Сережа, как обычно, пришел на свидание загодя. Был чудный вечер, который незаметно переходил в ночь. Сережа лежал на сене (на том самом, где они вчера лежали с Юлей) и, казалось, не замечал ничего. Он был занят все тем же: молодым напряжением, той игрой просящих сил, от которых, казалось, могла закипеть кровь.
Когда скрылось за горизонтом солнце и быстро стало темнеть, он взглянул на часы, встал, стряхнул с себя сенную труху и по влажной от вечерней росы траве пошел навстречу своей любви.
Он не знал когда она точно придет. Юля сказала: «Когда заснет тетя». А когда она заснет?
Когда до изгороди из жердей оставалось метров сто, он остановился и стал вглядываться в темноту. Никого не было. Тогда он решил, что, как и прежде, встанет за куст и будет наблюдать за ней, но сегодня Юля опередила его.
– Ку-ку! – услышал он сзади себя.
Сережа оглянулся и увидел её. Юля вышла из-за дерева и уже с полминуты наблюдала за ним. В её глазах было кокетство и готовность на ласку.
Глядя на неё, он замер. Ему остро представилось, как обовьют в любовном экстазе её маленькие ручки его шею, как запрокинет она голову, как забьется она, словно подраненная птичка, подставляя поцелуям лицо и шею; как сплетутся его руки с её руками, как они заскользят по её плечам, стану, бедрам и прижмут её тело к его телу, и она, чувствуя напряжение его плоти, затрепещет.
Но Юля словно не видела, что творится с ним.
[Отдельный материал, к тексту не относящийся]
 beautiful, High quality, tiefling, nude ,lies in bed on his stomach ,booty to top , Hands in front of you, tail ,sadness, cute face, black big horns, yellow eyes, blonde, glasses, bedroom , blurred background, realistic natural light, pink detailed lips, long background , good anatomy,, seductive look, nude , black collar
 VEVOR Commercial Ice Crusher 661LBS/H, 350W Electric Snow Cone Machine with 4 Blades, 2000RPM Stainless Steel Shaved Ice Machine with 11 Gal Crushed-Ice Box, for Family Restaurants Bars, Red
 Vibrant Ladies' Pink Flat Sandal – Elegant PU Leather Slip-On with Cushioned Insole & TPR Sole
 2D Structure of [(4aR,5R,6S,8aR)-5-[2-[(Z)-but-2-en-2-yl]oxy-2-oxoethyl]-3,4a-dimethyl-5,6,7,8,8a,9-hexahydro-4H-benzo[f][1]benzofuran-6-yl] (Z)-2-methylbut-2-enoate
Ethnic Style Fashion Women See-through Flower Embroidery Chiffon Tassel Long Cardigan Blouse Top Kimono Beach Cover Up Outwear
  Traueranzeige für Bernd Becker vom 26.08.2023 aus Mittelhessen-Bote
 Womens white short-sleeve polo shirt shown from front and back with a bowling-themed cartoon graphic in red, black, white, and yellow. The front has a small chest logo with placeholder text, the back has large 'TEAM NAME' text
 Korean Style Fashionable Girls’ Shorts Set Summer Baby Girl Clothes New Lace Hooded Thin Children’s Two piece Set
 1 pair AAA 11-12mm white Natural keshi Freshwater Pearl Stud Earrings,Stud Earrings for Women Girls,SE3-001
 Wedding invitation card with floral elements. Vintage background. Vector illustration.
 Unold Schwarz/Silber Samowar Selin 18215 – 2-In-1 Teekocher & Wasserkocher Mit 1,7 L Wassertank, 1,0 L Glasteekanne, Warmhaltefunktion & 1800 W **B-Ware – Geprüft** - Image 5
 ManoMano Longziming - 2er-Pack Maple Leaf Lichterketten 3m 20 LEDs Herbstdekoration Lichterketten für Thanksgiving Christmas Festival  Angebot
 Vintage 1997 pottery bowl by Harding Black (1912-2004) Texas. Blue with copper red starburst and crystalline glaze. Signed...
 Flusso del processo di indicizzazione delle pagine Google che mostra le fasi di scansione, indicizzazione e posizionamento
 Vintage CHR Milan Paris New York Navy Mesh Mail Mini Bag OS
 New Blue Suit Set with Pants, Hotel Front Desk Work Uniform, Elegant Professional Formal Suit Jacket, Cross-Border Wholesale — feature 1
– Сегодня я раньше, – сказала она, когда Сережа подошел к ней. – Чего молчишь?
Он молча продолжал смотреть на нее. Глаза его горели и говорили о нескрываемом желании. Но он не мог предугадать, как же она поведет себя в эту ночь.
– А ты давно пришел?
– Давно.
– А чего делал? Почему не подходил?
– Я опоздал на чуточку.
– Чуточку не считается.
«Ах ты, капризница!» – глядя на нее, подумал Сережа. Сейчас она будет держать его на расстоянии, разыгрывать недотрогу, но ведь он то видит, чувствует, что творится у нее на душе.
– Не рассчитал, – её игра еще в большей степени возбуждала его.
– А я думала, что мне подарят букетик.
«Оно и правда. Какой же я, однако, болван!» – подумал Сережа.
– В следующий раз.
– Посмотрим…
Юля сегодня пришла в коротенькой в красную клетку юбочке и в бордовой, на пуговках, блузке. Глядя на нее, Сережа подумал, что пуговки можно будет легко расстегнуть.
– Ну, что же мы стоим, идем, – выходя на тропку, сказала Юля. И пошла грациозно, чуть покачиваясь, точно разыгрывая симфонию пластических, никому не доступных больше движений.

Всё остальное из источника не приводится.